* Task description:
Only the lines with the string "adult" are needed; return each of them from the entries below.

Brief descriptive captions:
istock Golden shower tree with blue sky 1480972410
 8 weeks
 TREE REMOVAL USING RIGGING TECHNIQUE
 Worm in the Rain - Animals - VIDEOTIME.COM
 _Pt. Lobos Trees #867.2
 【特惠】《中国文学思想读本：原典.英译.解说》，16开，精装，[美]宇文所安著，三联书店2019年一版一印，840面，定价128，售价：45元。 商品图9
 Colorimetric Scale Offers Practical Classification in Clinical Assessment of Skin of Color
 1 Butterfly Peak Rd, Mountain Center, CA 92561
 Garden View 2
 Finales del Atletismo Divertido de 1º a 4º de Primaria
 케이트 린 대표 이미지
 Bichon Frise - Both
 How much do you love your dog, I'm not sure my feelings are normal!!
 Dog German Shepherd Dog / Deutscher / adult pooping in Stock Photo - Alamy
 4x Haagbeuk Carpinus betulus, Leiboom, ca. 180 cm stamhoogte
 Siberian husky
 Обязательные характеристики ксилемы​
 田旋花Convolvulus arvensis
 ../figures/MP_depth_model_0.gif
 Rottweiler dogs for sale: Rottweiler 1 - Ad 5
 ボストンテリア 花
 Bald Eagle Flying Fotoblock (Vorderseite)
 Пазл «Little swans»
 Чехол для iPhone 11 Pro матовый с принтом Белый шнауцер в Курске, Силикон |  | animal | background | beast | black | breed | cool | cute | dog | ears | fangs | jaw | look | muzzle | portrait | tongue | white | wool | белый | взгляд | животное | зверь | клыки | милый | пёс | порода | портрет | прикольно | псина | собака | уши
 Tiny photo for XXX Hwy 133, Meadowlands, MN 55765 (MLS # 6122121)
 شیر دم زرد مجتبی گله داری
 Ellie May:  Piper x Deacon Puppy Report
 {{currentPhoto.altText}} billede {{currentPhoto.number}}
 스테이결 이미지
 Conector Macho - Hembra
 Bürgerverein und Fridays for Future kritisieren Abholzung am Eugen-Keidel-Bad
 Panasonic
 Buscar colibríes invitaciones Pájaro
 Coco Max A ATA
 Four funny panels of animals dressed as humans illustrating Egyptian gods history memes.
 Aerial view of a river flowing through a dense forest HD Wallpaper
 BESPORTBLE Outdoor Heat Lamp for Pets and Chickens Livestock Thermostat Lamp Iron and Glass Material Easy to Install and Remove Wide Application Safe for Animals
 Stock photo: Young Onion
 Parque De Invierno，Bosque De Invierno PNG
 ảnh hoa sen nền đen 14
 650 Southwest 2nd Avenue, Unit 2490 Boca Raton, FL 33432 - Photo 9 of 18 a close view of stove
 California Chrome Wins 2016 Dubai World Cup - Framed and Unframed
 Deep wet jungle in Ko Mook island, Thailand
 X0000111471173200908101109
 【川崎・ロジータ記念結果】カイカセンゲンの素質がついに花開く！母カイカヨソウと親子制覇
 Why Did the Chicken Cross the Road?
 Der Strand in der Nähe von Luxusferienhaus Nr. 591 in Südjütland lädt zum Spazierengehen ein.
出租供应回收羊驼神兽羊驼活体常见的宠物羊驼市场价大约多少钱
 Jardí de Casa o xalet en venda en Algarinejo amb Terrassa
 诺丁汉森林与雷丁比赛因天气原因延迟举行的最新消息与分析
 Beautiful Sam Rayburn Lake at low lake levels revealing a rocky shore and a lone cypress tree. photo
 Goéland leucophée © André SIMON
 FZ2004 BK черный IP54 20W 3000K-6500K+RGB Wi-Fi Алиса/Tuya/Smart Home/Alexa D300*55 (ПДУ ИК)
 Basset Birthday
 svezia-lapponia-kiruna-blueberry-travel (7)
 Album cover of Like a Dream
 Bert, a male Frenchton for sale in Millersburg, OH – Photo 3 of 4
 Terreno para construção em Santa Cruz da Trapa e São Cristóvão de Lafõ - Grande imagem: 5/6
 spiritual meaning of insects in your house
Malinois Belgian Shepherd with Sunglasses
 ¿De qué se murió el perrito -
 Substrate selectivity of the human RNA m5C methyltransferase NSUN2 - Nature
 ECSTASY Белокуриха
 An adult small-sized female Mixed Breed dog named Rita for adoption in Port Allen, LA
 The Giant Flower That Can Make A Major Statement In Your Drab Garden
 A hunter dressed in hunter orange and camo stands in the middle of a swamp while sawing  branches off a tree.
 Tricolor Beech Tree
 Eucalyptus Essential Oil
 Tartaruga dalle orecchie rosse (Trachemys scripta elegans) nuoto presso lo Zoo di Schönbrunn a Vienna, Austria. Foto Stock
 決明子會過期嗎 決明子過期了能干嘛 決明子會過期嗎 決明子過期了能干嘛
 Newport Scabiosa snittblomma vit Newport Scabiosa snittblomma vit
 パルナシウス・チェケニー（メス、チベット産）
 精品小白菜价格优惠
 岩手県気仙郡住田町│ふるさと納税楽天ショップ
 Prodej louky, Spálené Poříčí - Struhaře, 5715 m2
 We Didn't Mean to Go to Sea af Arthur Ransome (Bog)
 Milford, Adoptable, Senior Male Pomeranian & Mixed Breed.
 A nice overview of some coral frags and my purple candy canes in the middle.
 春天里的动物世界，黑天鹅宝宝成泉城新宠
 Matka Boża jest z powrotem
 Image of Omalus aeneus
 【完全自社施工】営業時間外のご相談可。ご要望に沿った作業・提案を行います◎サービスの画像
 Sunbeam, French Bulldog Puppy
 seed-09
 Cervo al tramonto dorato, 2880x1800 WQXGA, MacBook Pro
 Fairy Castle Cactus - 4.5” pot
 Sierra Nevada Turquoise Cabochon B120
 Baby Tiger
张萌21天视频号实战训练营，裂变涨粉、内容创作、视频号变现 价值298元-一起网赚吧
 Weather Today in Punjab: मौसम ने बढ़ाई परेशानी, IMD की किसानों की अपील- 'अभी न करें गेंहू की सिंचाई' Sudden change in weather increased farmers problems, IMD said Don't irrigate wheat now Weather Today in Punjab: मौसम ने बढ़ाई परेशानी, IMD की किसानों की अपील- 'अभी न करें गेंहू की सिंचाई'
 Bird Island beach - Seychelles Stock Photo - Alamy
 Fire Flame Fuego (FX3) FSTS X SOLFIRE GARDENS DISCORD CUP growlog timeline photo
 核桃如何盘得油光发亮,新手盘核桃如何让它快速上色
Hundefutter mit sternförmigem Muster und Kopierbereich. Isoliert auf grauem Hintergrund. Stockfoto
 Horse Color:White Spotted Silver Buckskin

* Written solution:
 Dog German Shepherd Dog / Deutscher / adult pooping in Stock Photo - Alamy
 An adult small-sized female Mixed Breed dog named Rita for adoption in Port Allen, LA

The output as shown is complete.